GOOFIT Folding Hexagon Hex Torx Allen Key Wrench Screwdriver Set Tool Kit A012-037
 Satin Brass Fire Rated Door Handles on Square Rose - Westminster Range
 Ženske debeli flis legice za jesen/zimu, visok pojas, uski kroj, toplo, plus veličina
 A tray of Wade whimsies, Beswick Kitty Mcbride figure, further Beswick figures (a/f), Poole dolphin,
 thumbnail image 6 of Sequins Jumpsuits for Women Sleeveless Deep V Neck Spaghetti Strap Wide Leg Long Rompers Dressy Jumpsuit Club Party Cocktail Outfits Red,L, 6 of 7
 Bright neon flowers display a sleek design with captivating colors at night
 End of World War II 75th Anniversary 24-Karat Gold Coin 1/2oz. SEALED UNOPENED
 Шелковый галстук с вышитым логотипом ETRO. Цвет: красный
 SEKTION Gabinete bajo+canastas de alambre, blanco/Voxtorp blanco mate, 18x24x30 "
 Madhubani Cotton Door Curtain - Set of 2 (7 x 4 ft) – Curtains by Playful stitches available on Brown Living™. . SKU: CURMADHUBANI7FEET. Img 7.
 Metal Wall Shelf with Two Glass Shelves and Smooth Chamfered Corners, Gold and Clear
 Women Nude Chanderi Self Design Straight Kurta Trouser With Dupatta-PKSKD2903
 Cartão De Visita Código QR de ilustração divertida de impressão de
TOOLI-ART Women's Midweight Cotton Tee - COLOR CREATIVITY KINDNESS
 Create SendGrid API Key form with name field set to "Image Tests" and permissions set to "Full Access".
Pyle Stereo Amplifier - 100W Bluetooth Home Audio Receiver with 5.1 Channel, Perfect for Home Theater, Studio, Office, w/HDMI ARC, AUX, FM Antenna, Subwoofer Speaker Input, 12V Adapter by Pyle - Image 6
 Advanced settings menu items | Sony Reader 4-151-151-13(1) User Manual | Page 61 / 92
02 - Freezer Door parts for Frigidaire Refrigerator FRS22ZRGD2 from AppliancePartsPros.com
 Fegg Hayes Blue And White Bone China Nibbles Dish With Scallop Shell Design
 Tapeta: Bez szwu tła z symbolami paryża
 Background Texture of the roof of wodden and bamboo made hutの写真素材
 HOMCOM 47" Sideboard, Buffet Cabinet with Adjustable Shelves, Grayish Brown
+-------+
The whole listing above needs to be transcribed exactly.

GOOFIT Folding Hexagon Hex Torx Allen Key Wrench Screwdriver Set Tool Kit A012-037
 Satin Brass Fire Rated Door Handles on Square Rose - Westminster Range
 Ženske debeli flis legice za jesen/zimu, visok pojas, uski kroj, toplo, plus veličina
 A tray of Wade whimsies, Beswick Kitty Mcbride figure, further Beswick figures (a/f), Poole dolphin,
 thumbnail image 6 of Sequins Jumpsuits for Women Sleeveless Deep V Neck Spaghetti Strap Wide Leg Long Rompers Dressy Jumpsuit Club Party Cocktail Outfits Red,L, 6 of 7
 Bright neon flowers display a sleek design with captivating colors at night
 End of World War II 75th Anniversary 24-Karat Gold Coin 1/2oz. SEALED UNOPENED
 Шелковый галстук с вышитым логотипом ETRO. Цвет: красный
 SEKTION Gabinete bajo+canastas de alambre, blanco/Voxtorp blanco mate, 18x24x30 "
 Madhubani Cotton Door Curtain - Set of 2 (7 x 4 ft) – Curtains by Playful stitches available on Brown Living™. . SKU: CURMADHUBANI7FEET. Img 7.
 Metal Wall Shelf with Two Glass Shelves and Smooth Chamfered Corners, Gold and Clear
 Women Nude Chanderi Self Design Straight Kurta Trouser With Dupatta-PKSKD2903
 Cartão De Visita Código QR de ilustração divertida de impressão de
TOOLI-ART Women's Midweight Cotton Tee - COLOR CREATIVITY KINDNESS
 Create SendGrid API Key form with name field set to "Image Tests" and permissions set to "Full Access".
Pyle Stereo Amplifier - 100W Bluetooth Home Audio Receiver with 5.1 Channel, Perfect for Home Theater, Studio, Office, w/HDMI ARC, AUX, FM Antenna, Subwoofer Speaker Input, 12V Adapter by Pyle - Image 6
 Advanced settings menu items | Sony Reader 4-151-151-13(1) User Manual | Page 61 / 92
02 - Freezer Door parts for Frigidaire Refrigerator FRS22ZRGD2 from AppliancePartsPros.com
 Fegg Hayes Blue And White Bone China Nibbles Dish With Scallop Shell Design
 Tapeta: Bez szwu tła z symbolami paryża
 Background Texture of the roof of wodden and bamboo made hutの写真素材
 HOMCOM 47" Sideboard, Buffet Cabinet with Adjustable Shelves, Grayish Brown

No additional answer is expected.